Dan Rees, announced as CEO on Monday, led retail banking at Scotiabank from 2019 to 2023.Denise Jones Productions Inc./Supplied
Alternative lender Goeasy Ltd. GSY-T has named Dan Rees as its chief executive officer, turning to an experienced retail banker to lead an expansion plan at a time when Canadians are facing rising financial stress.
Mr. Rees, announced as CEO on Monday, spent nearly 25 years at Bank of Nova Scotia, where he led the Canadian banking division. He is the first Goeasy CEO to be hired from outside the Mississauga-based company.
Goeasy provides loans to people who have bruised or lower credit scores, and struggle to qualify with the Big Six banks and other major lenders.
Mr. Rees led retail banking at Scotiabank from 2019 to 2023 and was a top candidate to be the bank’s CEO, before the lender surprised the industry by choosing one of its own board members, Scott Thomson, as its leader.
After Mr. Rees left Scotiabank late in 2023, he said he looked for a role at a public company in financial services where he could apply his experience in lending.
Goeasy is a fraction of Scotiabank’s size, but growing rapidly in a lending niche that is becoming increasingly mainstream. The company has made more than $16-billion of loans to about 1.5 million customers, and has a current loan portfolio worth $4.6-billion as of the end of 2024.
The company’s customers are a subset of some nine million Canadians that have non-prime credit scores – also called subprime or near-prime borrowers. It has more than 400 branches in Canada, in every province and major city.

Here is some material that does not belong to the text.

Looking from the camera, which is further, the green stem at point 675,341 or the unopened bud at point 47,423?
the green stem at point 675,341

“There’s a level of pride that the company has, and that I share, with regards to providing appropriate, well-priced access to credit for Canadians who deserve it,” Mr. Rees said in an interview.

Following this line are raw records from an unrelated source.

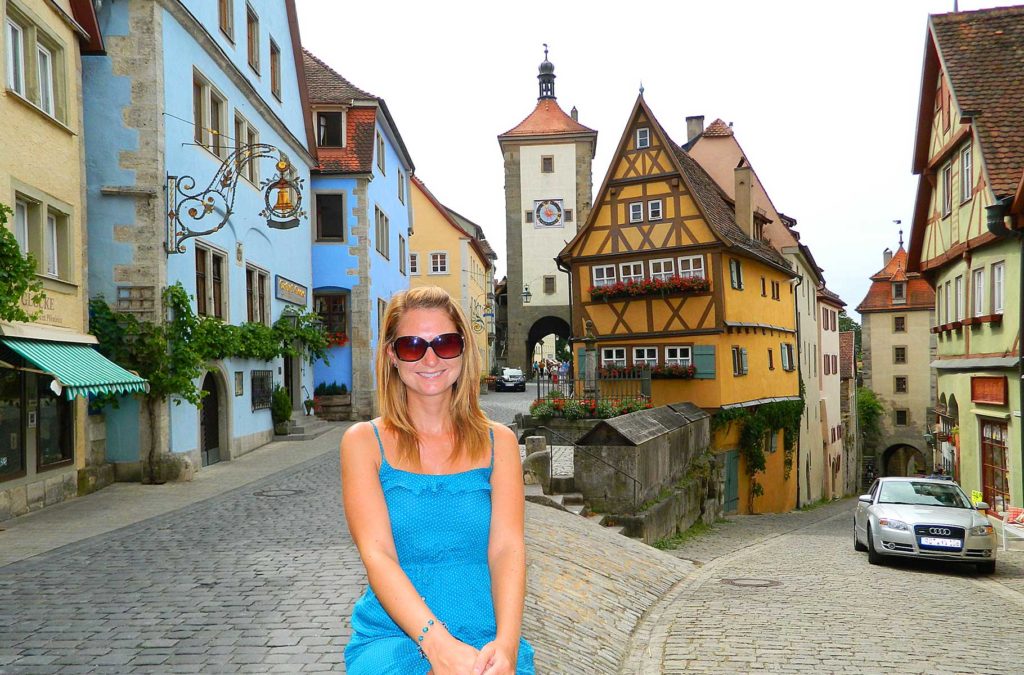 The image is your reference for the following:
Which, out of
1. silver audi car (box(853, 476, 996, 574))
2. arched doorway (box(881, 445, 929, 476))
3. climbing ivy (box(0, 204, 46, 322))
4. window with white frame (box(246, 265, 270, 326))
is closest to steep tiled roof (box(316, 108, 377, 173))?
window with white frame (box(246, 265, 270, 326))

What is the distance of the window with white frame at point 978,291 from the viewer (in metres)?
19.4

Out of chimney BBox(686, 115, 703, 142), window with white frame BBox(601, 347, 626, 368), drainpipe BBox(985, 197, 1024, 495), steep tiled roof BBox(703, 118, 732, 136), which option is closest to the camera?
drainpipe BBox(985, 197, 1024, 495)

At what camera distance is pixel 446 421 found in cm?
295

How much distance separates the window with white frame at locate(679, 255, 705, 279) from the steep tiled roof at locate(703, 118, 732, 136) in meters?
11.6

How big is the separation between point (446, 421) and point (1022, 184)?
16171 millimetres

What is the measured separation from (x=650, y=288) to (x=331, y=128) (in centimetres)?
1121

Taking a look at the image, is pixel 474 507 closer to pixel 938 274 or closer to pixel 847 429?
pixel 938 274

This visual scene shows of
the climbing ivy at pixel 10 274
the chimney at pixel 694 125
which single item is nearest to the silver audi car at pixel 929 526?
the climbing ivy at pixel 10 274

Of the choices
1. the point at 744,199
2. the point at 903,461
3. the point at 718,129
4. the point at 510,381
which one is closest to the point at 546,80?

Goeasy has a target to increase its loan book to between $7-billion and $8-billion by 2027, with plans to launch a credit card later this year and to boost its book of car loans. It is also considering whether to add loans to small businesses in the future.
“It was the right time to bring in someone that’s done this before, introduced new products before and has the experience to know, from past mistakes and successes and wins, how to make the right judgement calls,” said executive chair and interim CEO David Ingram in an interview. “We needed someone that could take us to the next level.”
Mr. Ingram was Goeasy’s CEO from 2000 to 2018, and stepped into the interim role in January after his successor, Jason Mullins, moved to the company’s board of directors.
Goeasy is expanding at a fraught moment for Canada’s economy, with loan applications up 30 per cent year over year. The threat of U.S. tariffs to be imposed on Tuesday is set to put pressure on the job market, and could boost demand for Goeasy loans, especially as major banks tighten their lending criteria.
Economic turmoil could also put pressure on the company’s credit portfolio, creating the potential for higher losses on loans. Mr. Ingram said that, counterintuitively, non-prime borrowers typically have lower rates of default in downturns because they carry less debt than prime borrowers with mortgages and other large obligations.
“Delinquency rates have held up very well so far,” he said. “The biggest concern will be about how to manage the consumers through what could be a period of reinflation.”
Goeasy had “a strong quarter” to close out 2024, with improving profit and charge-offs on loans “that should calm investor concerns regarding the credit picture and uncertainty regarding tariffs,” National Bank Financial analyst Jaeme Gloyn said in a note to clients.
The typical Goeasy borrower has an income of about $60,000 a year, and the company mostly provides term loans and auto loans of $5,000 to $15,000, as well as pay-as-you-go services for merchants. For loans that are secured by property, the company will lend as much as $50,000 to a customer.
It charges annual interest rates ranging from 9.9 per cent to the government-mandated limit of 35 per cent.
Its main competitor is Fairstone Financial Inc., a Canadian personal lender owned by billionaire financier Stephen Smith.